# RTP Stream überprüfen...



## MAGIo (29. Jun 2011)

Wie kann ich mit einer Server / Client Applikationen überprüfen wie die Qualität der Übertragung ist? Es reicht ja auch Strings zu schicken und später zu gucken wieviel ankommt. Gibt es da schon Beispiele?


----------



## mabuhay (30. Jun 2011)

Soviel ich weiss müsste das irgendwas low-level sein. Der Network-Layer oder so stellt ja schon sicher dass alles ankommt. Schickst du einen String, dann kommt auch alles an.


----------



## MAGIo (30. Jun 2011)

Also MUSS ich eine Audiodatei schicken. Mies... Ich weiss ja nicht, wie ich die überprüfen kann


----------



## mabuhay (30. Jun 2011)

Achso, also ich nehme mal an du willst die Verbindungsgeschwindigkeit testen. Mit einer Checksumme, oder einfach mit der Anzahl Bytes, kannst du ja überprüfen ob die Audiodatei komplett angekommen ist. Macht aber nicht unbedingt Sinn da, wie gesagt, dies schon sichergestellt ist.
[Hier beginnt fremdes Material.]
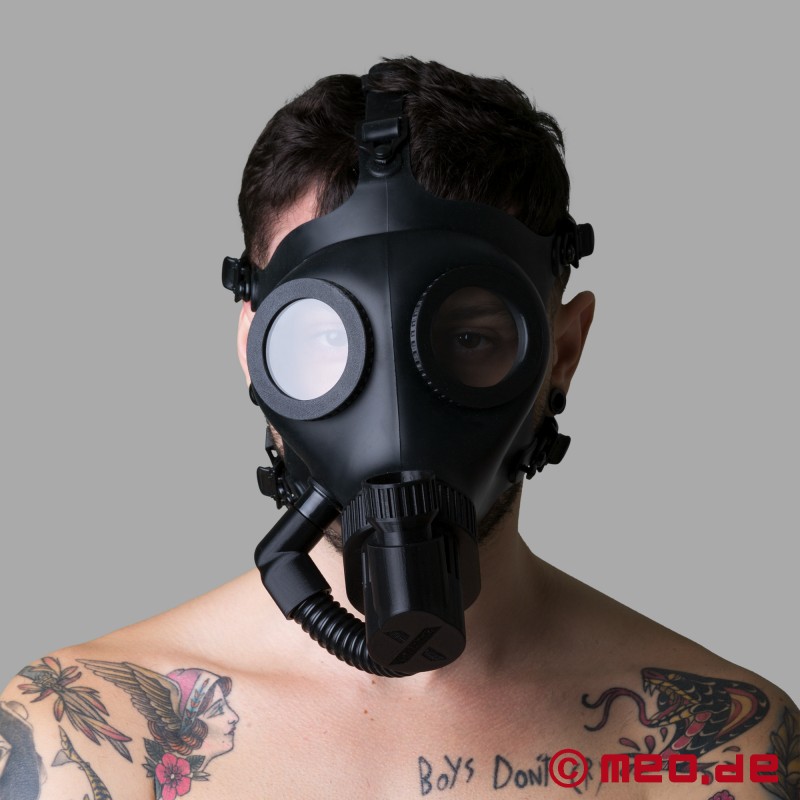 MEO-XTRM - GoldenShower™ - Fetisch Maske - schwarz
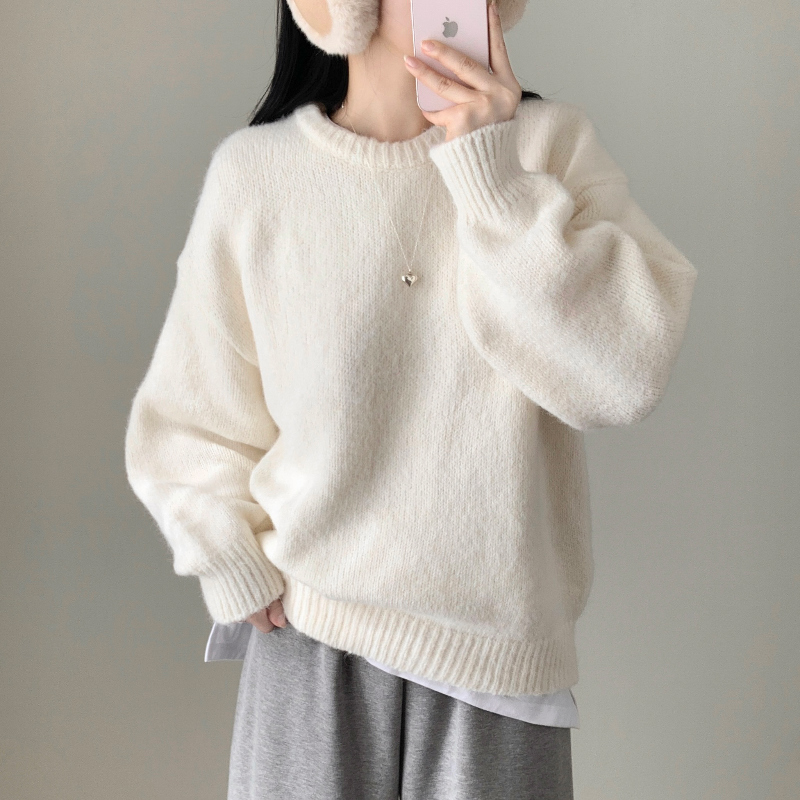 긴팔 티셔츠 모델 착용 이미지-S3L37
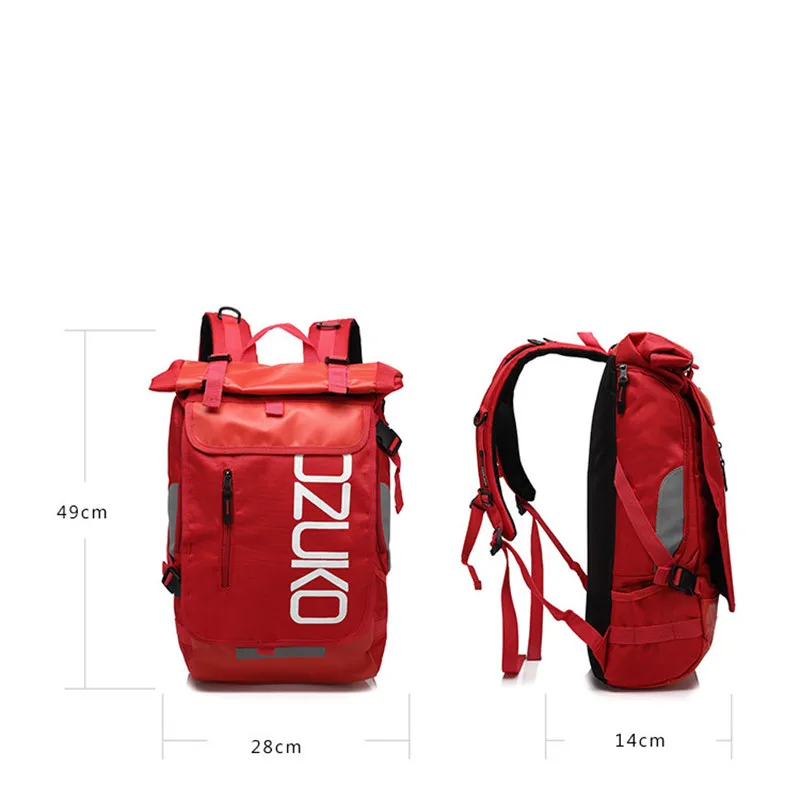 OZUKO Rucksack Männer 15,6 Zoll Laptop Wasserabweisende Schultasche für Teenager Casual Student Rucksäcke Männliche Reise Mochila Mode – Detail 1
Und bei einem RTP-Stream wird die Audiodatei ja kontinuierlich gesendet und vom Empfänger direkt abgespielt, Also macht Checksumme oder Anzahl Bytes nicht viel Sinn.

Für deinen Fall bräuchtest du die Datenübertragungsrate, also wie viel Bytes pro Sekunde übertragen werden können. Dann kannst du berechnen ob deine Audiodatei ohne Stocken übertragen werden kann. Bei einer MP3 mit 128 kbit/s müsstest du also mindestens 128 kbit/s übertragen können.


----------



## MAGIo (30. Jun 2011)

Nee Jitter, Delay und verlorene Pakete würden reichen...


----------